Block Club obtained the Park District’s contract with Amazon through a public records request after several lockers were installed on sidewalks, partially blocking them, in parks earlier this month.
The contract shows Amazon pays the Park District $50 a month for each of the smallest of the steel lockers, which are 6 feet wide. The contract calls for $125-a-month payments for the largest lockers, which are 15 feet wide.

A total of 49 lockers have been installed in city parks. The majority of those lockers are the 6- or 9-foot versions, according to figures provided by the Park District.
Another 53 lockers are scheduled to be installed in parks around the city this year. If all of those lockers are 6 feet wide, the Park District would make $69,900 for a full 12 months of rent. It would also get a one-time $20,000 payment for allowing at least 100 lockers.
That means the park district could get as little as $89,900 in the first full year.
If each of the next 53 lockers installed are the largest possible — 15 feet — that would net the Park District $117,600 in the first year, plus the $20,000 bonus.
That means the most the Park District could get in the first full year of rent on all 102 lockers is $137,600.
For comparison, the Park District’s budget this year is $481.8 million.

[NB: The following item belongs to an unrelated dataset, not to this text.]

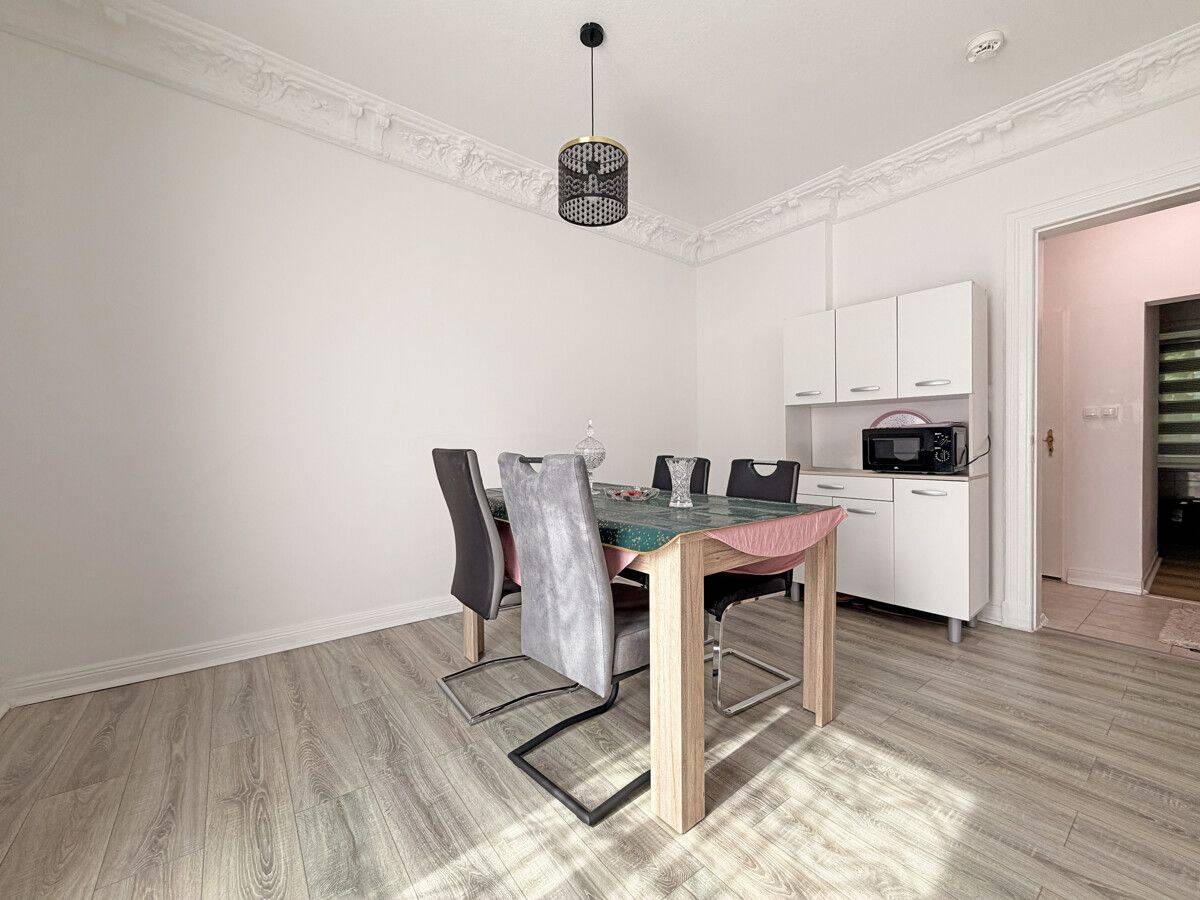 Charmante Altbauwohnung mit Balkon – Hamburg – Vorschaubild 8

Critics who earlier this month slammed Amazon — and the Park District — for putting for-profit lockers on public parkland were again fired up after learning how much revenue the lockers will generate for the Park District.
“It is not enough to justify having branding in our parks. It is absolutely not enough,” Ald. Rossana Rodriguez-Sanchez (33rd) said. “I think this is a slap in the face.”
The lockers grabbed attention a little more than a week ago. Rodriguez-Sanchez and Ald. Samantha Nugent (39th) spoke out against lockers in their respective wards — one in Brands Park and another in the Forest Park Playlot — for partially blocking the sidewalk and preventing people from easily passing through the public spaces.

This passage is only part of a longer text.